[<prev] [next>] [<thread-prev] [thread-next>] [day] [month] [year] [list]
Message-ID: <4C0F61D3.9000402@redhat.com>
Date: Wed, 09 Jun 2010 12:41:39 +0300
From: Avi Kivity <avi@...hat.com>
To: "Zhang, Yanmin" <yanmin_zhang@...ux.intel.com>
CC: LKML <linux-kernel@...r.kernel.org>, kvm@...r.kernel.org,
Ingo Molnar <mingo@...e.hu>,
Fr??d??ric Weisbecker <fweisbec@...il.com>,
Arnaldo Carvalho de Melo <acme@...hat.com>,
Cyrill Gorcunov <gorcunov@...il.com>,
Lin Ming <ming.m.lin@...el.com>,
Sheng Yang <sheng@...ux.intel.com>,
Marcelo Tosatti <mtosatti@...hat.com>,
oerg Roedel <joro@...tes.org>,
Jes Sorensen <Jes.Sorensen@...hat.com>,
Gleb Natapov <gleb@...hat.com>,
Zachary Amsden <zamsden@...hat.com>, zhiteng.huang@...el.com,
tim.c.chen@...el.com, Peter Zijlstra <a.p.zijlstra@...llo.nl>
Subject: Re: [RFC] para virt interface of perf to support kvm guest os statistics
collection in guest os
On 06/09/2010 12:21 PM, Zhang, Yanmin wrote:
>
>> One thing that's missing is documentation of the guest/host ABI. It
>> will be a requirement for inclusion, but it will also be a great help
>> for review, so please provide it ASAP.
>>
> I will add such document. It will includes:
> 1) Data struct perf_event definition. Guest os and host os have to share the same
> data structure as host kernel will sync data (counte/overflows and others if needed)
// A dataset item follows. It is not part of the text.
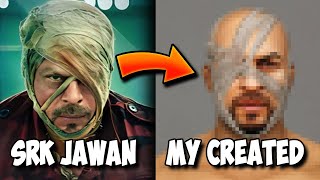 Created JAWAN (Shahrukh Khan) character in WWE 2k23 | Step by Step Guide | Gamorazor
> changes back to guest os.
> 2) A list of all hypercalls
> 3) Guest need have NMI handler which checks all guest events.
>
Thanks. It may be easier to have just the documentation for the first
few iterations so we can converge on a good interface, then update the
code to match the interface.
>> Disabling the watchdog is unfortunate. Why is it necessary?
>>
> perf always uses NMI, so we disable the nmi_watchdog when a perf_event is
> set up in case they might have impact.
>
Ok. Is that the case for the hardware pmus as well? If so it might be
done in common code.
>>> +
>>> +static int kvm_pmu_enable(struct perf_event *event)
>>> +{
>>> + int ret;
>>> + unsigned long addr = __pa(event);
>>> +
>>> + if (kvm_add_event(event))
>>> + return -1;
>>> +
>>> + ret = kvm_hypercall3(KVM_PERF_OP, KVM_PERF_OP_ENABLE,
>>> + addr, (unsigned long) event->shadow);
>>>
>>>
>> This is suspicious. Passing virtual addresses to the host is always
>> problematic. Or event->shadow only used as an opaque cookie?
>>
> I use perf_event->shadow at both host and guest side.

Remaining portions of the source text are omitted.